[WORK TO BE COMPLETED]: Among the entries that follow, the required portion opens with the line containing "Thẻ Giấy Trộn" and closes with the line containing "Patriotic Eagle Flag". Give that portion again exactly, and nothing else.

[EXERCISE INPUT]:

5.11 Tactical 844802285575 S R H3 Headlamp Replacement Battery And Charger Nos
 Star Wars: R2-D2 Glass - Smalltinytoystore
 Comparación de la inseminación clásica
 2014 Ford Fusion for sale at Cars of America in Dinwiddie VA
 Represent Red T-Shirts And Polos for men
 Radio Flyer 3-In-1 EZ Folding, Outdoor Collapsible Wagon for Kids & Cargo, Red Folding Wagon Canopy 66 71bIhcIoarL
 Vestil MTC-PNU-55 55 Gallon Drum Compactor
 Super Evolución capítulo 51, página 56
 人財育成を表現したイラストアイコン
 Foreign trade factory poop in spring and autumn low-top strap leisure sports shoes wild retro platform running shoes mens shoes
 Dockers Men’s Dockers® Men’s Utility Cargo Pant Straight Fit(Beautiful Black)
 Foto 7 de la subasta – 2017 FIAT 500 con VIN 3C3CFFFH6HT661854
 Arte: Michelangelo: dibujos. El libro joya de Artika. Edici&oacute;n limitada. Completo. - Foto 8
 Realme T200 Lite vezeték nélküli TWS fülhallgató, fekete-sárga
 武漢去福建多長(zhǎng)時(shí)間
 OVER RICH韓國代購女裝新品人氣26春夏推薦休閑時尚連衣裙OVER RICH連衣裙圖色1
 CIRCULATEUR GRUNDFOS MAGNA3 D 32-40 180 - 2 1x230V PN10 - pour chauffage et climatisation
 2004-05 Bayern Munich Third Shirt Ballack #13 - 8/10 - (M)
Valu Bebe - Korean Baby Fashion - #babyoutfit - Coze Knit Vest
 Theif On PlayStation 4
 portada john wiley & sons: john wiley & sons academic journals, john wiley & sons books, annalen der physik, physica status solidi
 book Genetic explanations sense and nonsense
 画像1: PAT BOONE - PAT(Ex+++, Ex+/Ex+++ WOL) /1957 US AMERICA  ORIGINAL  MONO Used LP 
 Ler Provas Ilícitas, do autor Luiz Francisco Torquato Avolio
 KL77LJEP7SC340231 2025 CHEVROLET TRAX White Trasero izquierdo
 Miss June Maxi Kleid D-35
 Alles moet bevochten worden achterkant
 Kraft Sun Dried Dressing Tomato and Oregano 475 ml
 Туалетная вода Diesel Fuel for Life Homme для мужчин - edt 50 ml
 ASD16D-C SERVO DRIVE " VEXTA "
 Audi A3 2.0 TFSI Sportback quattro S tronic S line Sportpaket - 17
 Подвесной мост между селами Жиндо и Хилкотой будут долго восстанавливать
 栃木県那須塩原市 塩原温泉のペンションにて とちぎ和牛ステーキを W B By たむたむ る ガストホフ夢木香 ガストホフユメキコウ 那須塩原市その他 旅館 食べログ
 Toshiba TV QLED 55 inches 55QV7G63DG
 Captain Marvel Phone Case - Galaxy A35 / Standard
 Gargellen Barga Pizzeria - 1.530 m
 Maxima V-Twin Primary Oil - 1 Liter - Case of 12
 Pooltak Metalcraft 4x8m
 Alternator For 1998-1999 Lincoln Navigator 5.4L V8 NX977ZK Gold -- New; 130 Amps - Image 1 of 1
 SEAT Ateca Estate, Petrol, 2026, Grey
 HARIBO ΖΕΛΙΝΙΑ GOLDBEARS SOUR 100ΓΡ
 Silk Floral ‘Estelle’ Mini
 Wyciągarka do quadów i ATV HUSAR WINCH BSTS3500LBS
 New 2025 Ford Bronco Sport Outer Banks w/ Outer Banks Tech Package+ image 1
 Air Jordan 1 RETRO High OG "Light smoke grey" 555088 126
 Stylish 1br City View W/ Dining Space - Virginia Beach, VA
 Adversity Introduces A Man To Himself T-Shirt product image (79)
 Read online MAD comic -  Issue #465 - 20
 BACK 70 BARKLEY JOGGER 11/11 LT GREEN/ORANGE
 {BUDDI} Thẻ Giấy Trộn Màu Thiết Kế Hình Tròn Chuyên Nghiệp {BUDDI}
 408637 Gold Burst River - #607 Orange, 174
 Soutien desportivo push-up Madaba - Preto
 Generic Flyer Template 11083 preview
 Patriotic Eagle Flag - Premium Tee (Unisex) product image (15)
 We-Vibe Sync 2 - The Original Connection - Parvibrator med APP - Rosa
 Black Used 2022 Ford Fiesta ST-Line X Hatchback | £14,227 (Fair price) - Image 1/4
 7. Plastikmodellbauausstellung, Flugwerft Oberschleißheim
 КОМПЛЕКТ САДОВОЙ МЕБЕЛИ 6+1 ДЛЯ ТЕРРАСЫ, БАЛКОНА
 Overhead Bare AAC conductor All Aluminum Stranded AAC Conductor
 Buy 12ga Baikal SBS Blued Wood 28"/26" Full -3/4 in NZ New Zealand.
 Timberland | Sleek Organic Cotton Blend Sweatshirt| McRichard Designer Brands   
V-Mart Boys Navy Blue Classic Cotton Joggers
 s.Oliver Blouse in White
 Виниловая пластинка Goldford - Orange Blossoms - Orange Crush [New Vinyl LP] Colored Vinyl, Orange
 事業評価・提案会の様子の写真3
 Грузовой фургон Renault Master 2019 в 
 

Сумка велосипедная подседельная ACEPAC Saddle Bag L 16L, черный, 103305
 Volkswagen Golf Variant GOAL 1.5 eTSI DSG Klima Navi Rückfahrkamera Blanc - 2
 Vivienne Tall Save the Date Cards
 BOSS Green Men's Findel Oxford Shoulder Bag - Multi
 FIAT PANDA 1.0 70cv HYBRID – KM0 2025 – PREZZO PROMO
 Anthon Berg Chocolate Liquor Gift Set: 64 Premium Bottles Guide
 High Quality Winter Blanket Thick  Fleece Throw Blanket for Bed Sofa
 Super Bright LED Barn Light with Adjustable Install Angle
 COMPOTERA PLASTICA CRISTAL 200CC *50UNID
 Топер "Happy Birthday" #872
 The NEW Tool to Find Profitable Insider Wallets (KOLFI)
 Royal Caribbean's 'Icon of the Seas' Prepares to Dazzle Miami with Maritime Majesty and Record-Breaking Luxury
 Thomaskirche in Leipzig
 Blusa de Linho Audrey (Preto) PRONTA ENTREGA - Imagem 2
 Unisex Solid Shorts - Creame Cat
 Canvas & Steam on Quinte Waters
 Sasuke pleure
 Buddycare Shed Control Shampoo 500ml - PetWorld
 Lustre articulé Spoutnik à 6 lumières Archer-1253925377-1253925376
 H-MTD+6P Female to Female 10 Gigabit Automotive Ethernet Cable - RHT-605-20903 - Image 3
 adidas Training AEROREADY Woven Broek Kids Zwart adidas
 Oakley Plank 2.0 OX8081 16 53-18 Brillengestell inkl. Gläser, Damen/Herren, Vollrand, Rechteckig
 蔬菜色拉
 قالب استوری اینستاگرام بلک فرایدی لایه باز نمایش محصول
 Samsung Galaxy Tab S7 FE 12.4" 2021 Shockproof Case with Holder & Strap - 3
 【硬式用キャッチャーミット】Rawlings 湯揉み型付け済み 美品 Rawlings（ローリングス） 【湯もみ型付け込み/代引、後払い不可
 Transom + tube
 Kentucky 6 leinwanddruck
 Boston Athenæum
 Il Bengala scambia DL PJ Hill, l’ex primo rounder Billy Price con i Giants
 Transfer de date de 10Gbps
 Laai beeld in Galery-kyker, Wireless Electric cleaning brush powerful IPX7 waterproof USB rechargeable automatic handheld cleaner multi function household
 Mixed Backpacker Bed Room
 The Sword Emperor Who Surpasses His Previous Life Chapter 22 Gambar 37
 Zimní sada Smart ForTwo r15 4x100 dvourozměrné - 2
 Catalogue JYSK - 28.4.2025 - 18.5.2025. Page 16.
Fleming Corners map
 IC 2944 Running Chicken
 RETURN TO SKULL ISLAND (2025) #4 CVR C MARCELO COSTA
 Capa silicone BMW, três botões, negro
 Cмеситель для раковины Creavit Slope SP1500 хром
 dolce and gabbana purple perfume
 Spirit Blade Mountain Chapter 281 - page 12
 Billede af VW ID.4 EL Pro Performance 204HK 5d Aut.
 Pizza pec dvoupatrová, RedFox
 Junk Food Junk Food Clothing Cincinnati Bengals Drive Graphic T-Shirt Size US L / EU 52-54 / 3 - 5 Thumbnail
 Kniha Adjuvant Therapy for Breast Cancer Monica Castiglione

[ANSWER SECTION]:
 {BUDDI} Thẻ Giấy Trộn Màu Thiết Kế Hình Tròn Chuyên Nghiệp {BUDDI}
 408637 Gold Burst River - #607 Orange, 174
 Soutien desportivo push-up Madaba - Preto
 Generic Flyer Template 11083 preview
 Patriotic Eagle Flag - Premium Tee (Unisex) product image (15)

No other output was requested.